## Work to be completed:
Among the entries below, which lines run from the line with "Canon EOS DIGITAL" through the line with "2024 Chevrolet Corvette"? Retype those, both ends included, exactly and without pictures.

++++ Data records ++++

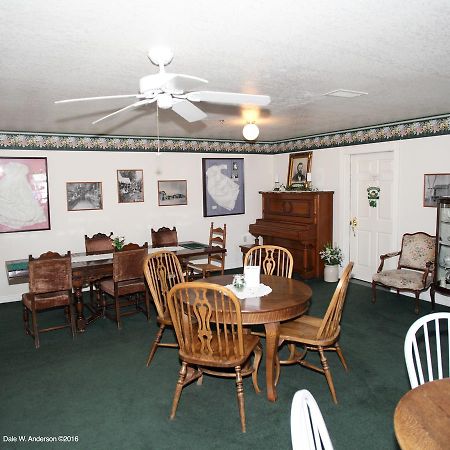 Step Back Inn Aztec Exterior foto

++++
++++ Data records ++++

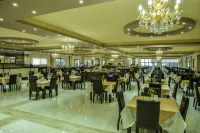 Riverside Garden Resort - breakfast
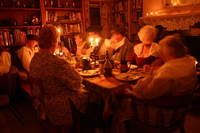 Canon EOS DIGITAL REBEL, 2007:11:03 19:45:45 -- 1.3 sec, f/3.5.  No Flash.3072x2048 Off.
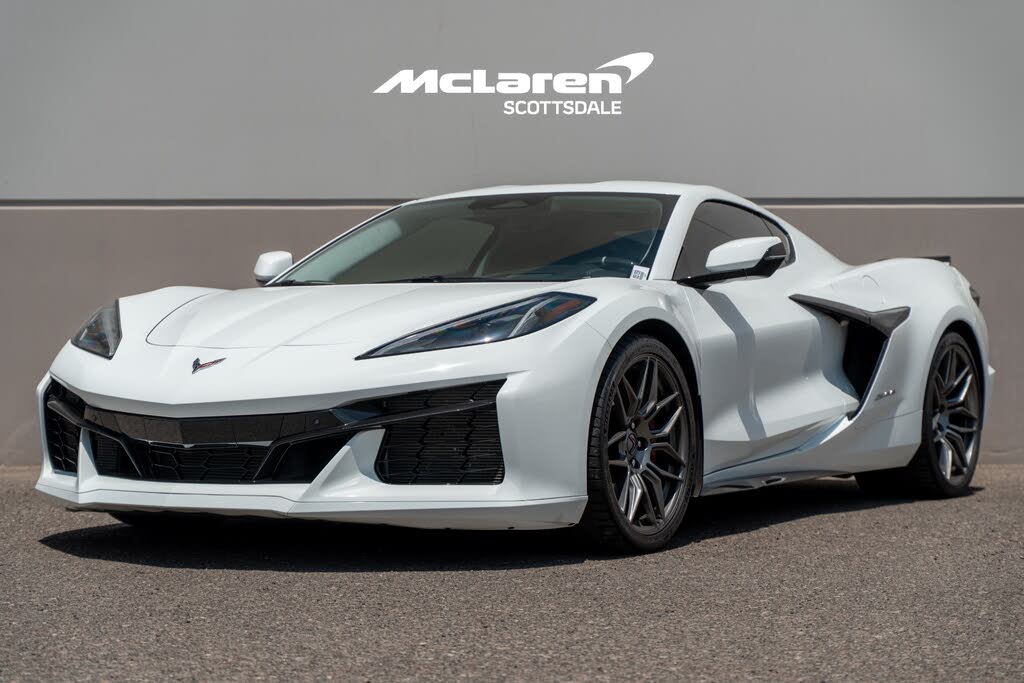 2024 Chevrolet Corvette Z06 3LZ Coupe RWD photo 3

++++
++++ Data records ++++

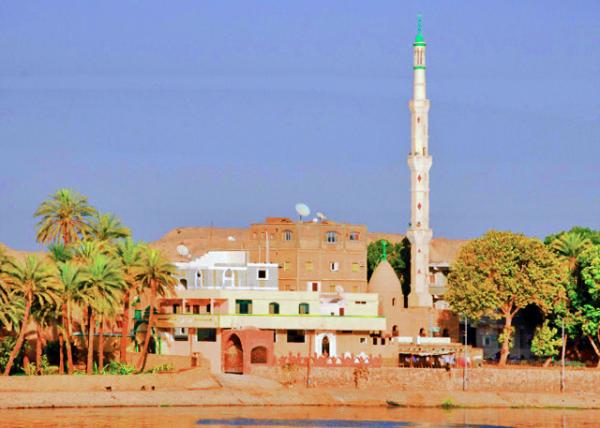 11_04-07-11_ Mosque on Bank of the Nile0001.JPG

++++

## Finished exercise:
 Canon EOS DIGITAL REBEL, 2007:11:03 19:45:45 -- 1.3 sec, f/3.5.  No Flash.3072x2048 Off.
 2024 Chevrolet Corvette Z06 3LZ Coupe RWD photo 3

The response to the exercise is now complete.